天狗風―霊験お初捕物控(二) 内容紹介(裏表紙より)

 一陣の風が吹いたとき、嫁入り前の娘が次々と神隠しに――。不思議な力をもつお初は、算学の道場に通う右京之助とともに、忽然と姿を消した娘たちの行方を追うことになった。ところが闇に響く謎の声や観音様の姿を借りたもののけに翻弄され、調べは難航する。『震える岩』につづく“霊験お初捕物控”第二弾。

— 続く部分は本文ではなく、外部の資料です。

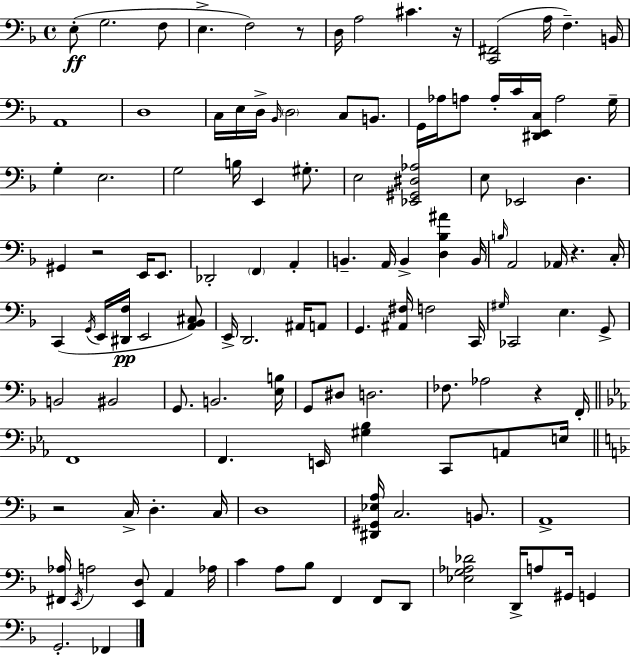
X:1
T:Untitled
M:4/4
L:1/4
K:F
E,/2 G,2 F,/2 E, F,2 z/2 D,/4 A,2 ^C z/4 [C,,^F,,]2 A,/4 F, B,,/4 A,,4 D,4 C,/4 E,/4 D,/4 _B,,/4 D,2 C,/2 B,,/2 G,,/4 _A,/4 A,/2 A,/4 C/4 [^D,,E,,C,]/4 A,2 G,/4 G, E,2 G,2 B,/4 E,, ^G,/2 E,2 [_E,,^G,,^D,_A,]2 E,/2 _E,,2 D, ^G,, z2 E,,/4 E,,/2 _D,,2 F,, A,, B,, A,,/4 B,, [D,_B,^A] B,,/4 B,/4 A,,2 _A,,/4 z C,/4 C,, G,,/4 E,,/4 [^D,,F,]/4 E,,2 [A,,_B,,^C,]/2 E,,/4 D,,2 ^A,,/4 A,,/2 G,, [^A,,^F,]/4 F,2 C,,/4 ^G,/4 _C,,2 E, G,,/2 B,,2 ^B,,2 G,,/2 B,,2 [E,B,]/4 G,,/2 ^D,/2 D,2 _F,/2 _A,2 z F,,/4 F,,4 F,, E,,/4 [^G,_B,] C,,/2 A,,/2 E,/4 z2 C,/4 D, C,/4 D,4 [^D,,^G,,_E,A,]/4 C,2 B,,/2 A,,4 [^F,,_A,]/4 E,,/4 A,2 [E,,D,]/2 A,, _A,/4 C A,/2 _B,/2 F,, F,,/2 D,,/2 [_E,G,_A,_D]2 D,,/4 A,/2 ^G,,/4 G,, G,,2 _F,,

 霊験お初捕物控の第一弾『震える岩―霊験お初捕物控』では、南町奉行であり随筆『耳袋』の著者根岸鎮衛(やすもり)の命を受けた霊感少女お初が、死んだ者の肉体に魔物が憑いて動き出す死人憑き、浅野内匠頭が切腹した場所へ置かれた岩が震えだすという怪現象の謎を追い、その顛末を描いていた。

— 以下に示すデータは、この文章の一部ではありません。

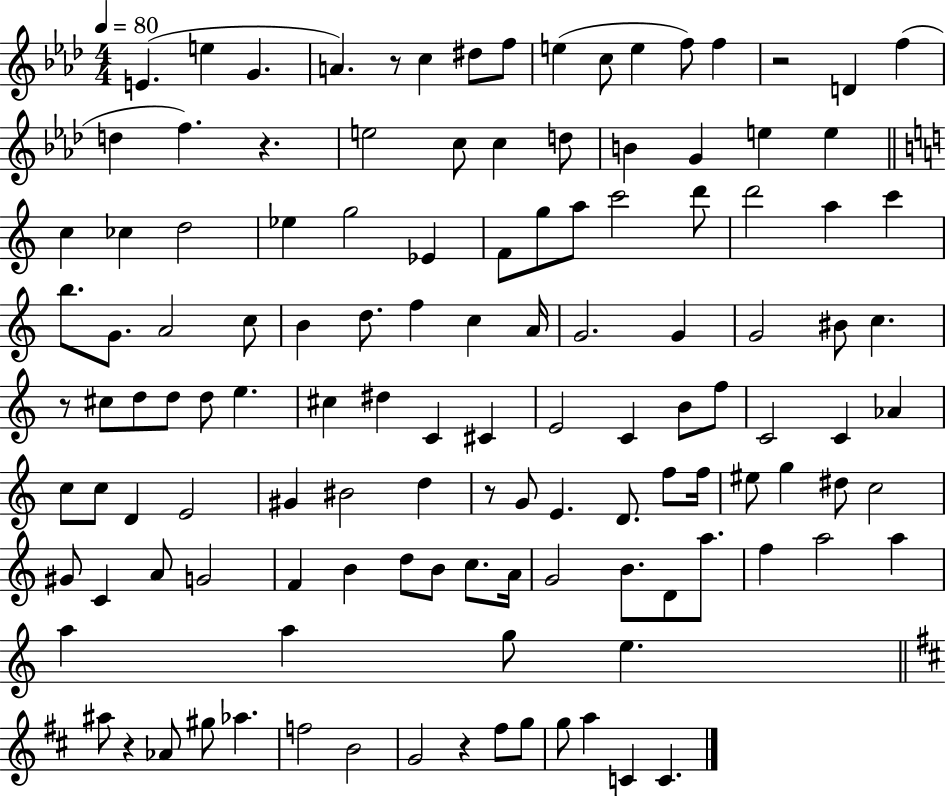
{
  \clef treble
  \numericTimeSignature
  \time 4/4
  \key aes \major
  \tempo 4 = 80
  e'4.( e''4 g'4. | a'4.) r8 c''4 dis''8 f''8 | e''4( c''8 e''4 f''8) f''4 | r2 d'4 f''4( | \break d''4 f''4.) r4. | e''2 c''8 c''4 d''8 | b'4 g'4 e''4 e''4 | \bar "||" \break \key c \major c''4 ces''4 d''2 | ees''4 g''2 ees'4 | f'8 g''8 a''8 c'''2 d'''8 | d'''2 a''4 c'''4 | \break b''8. g'8. a'2 c''8 | b'4 d''8. f''4 c''4 a'16 | g'2. g'4 | g'2 bis'8 c''4. | \break r8 cis''8 d''8 d''8 d''8 e''4. | cis''4 dis''4 c'4 cis'4 | e'2 c'4 b'8 f''8 | c'2 c'4 aes'4 | \break c''8 c''8 d'4 e'2 | gis'4 bis'2 d''4 | r8 g'8 e'4. d'8. f''8 f''16 | eis''8 g''4 dis''8 c''2 | \break gis'8 c'4 a'8 g'2 | f'4 b'4 d''8 b'8 c''8. a'16 | g'2 b'8. d'8 a''8. | f''4 a''2 a''4 | \break a''4 a''4 g''8 e''4. | \bar "||" \break \key d \major ais''8 r4 aes'8 gis''8 aes''4. | f''2 b'2 | g'2 r4 fis''8 g''8 | g''8 a''4 c'4 c'4. | \break \bar "|."
}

 この第二弾『天狗風―霊験お初捕物控(二)』では、一陣の風ともに嫁入り前の娘が消えてしまうという怪現象が起きる。
 前作に続き、南町奉行根岸鎮衛(やすもり)から命を受けた霊感少女お初が、怪現象を追う。
 そして、その顛末を聞いた根岸鎮衛は『耳袋』に加えていく。

 今回のお初は、嫁入り前の娘が神隠しに遭うという怪奇現象を追う。
 お初が紐解いた事件の裏には、人の悲しい性が見え隠れする。
 人の介在した怪奇現象には、それを起こすだけの強い情念がある。
 人間の心理と怪奇現象を巧みに融合された、もの悲しい作品だった。
 しかし、読後は爽やかで、気持ちよく余韻を楽しむことができた。

 宮部作品には、他にも怪奇現象を絡めた時代小説があるが、どれも怪奇現象から浮き彫りにされる人の悲しい性が魅力の作品ばかりで、読みごたえがある。

 主人公のお初は、『かまいたち』の【迷い鳩】、【騒ぐ刀】に初登場し、本書の主人公となった。